Another condition placed on Governors was that no more than 60 building permits could be issued within a year.
In recommending denial of the rezoning request, Johnson pointed to several reasons. The project is not consistent with other commercial uses in the area; not consistent with what is permitted in a CR-1 district; need has not been established; a negative impact on traffic; and safety concerns with close proximity to Cape Henlopen High School.
“The proposed project does not meet the purpose of the zoning ordinance since it does not promote the orderly growth of the county,” Johnson said. “It would establish a large-scale regional, destination shopping center where no similar commercial uses of the same size and scale exist. It is not a logical transition from neighboring and adjacent uses, especially in this environmentally sensitive area which has severe limitations on safe pedestrian and vehicular travel.”
While the votes on Senators and the rezoning were unanimous, Commissioner Benjamin Gordy voted against the Governors’ motion.
Wording in code
Mateyko said the process points to a flaw in the county system the way the county’s codes are written. “The code language is needlessly ambiguous with words like should and could instead of shall and shall not,” he said.
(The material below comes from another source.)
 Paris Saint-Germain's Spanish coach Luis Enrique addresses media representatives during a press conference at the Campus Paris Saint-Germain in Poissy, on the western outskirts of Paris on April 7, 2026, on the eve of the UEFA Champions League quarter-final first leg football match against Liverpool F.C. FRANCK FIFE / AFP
Because of that language, he said, the code is not clear. It has ended up costing the people of Lewes $37,000 in legal and consulting fees so far, Mateyko said, as well as thousands of hours of time.
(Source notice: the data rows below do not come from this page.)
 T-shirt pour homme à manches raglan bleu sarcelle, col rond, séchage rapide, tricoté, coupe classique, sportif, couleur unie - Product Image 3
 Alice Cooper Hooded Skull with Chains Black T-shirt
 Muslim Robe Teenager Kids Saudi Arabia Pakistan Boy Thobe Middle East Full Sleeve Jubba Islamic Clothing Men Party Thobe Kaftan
“That’s a waste that should have gone to some worthwhile effort,” he said. “The code is not doing what it is supposed to do because it gives a fuzzy message. Government has the responsibility to make its code clear, fair, predictable and cost-effective. This experience shows the Sussex code, as it stands, gives the wrong signals to even the most egregiously inappropriate proposal.”
He said if the code, designed to protect an environmentally sensitive area, has holes in it that allows a regional shopping center to slip in then it’s not a code at all.
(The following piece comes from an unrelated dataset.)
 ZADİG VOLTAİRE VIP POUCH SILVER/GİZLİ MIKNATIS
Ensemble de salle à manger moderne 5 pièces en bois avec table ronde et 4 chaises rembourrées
In the end, he said, sound-planning principles carried the day. “The message got through to them that this was an extremely serious threat to the survival of the community. But if it was so clear to everyone how was it that the code let it through?” he asked.
Mateyko said now is the time to correct the language in the code as the county updates its comprehensive plan.
The tipping point
Tyler said he hoped the rationale and facts behind the decision would “resonate throughout the county.”
“Councilman George Cole once asked when enough is enough. I think we have reached the tipping point. There is change on the horizon,” he said.
He hoped the decision would be an awakening for future land-use and zoning decisions. “We have cautious optimism that the county is moving in the direction that the Citizens Coalition has been promoting for 14 years,” he said.
Tyler said it would be difficult to reverse the recommendation of planning and zoning because it was based on facts and the county land-use plan.
Tyler credited the people of Lewes for standing up. “There was solidarity among people who spoke and a packed house always gets everyone’s attention,” he said. “The community rose up as they did 14 years ago when they stopped Tanger from building outlets at the gateway to Lewes.”
As many others argued, Tyler said, the environmentally sensitive developing district, where the three proposed projects are located, is unique. “Hopefully, this rings a bell for the district. Because we are really not doing anything different to protect the districts,” he said.
Mateyko urged people to continue to contact members of the county council. “This is not a race we have won we are only at the midpoint,” he said. “County council has reversed the commission before and they could do it again.’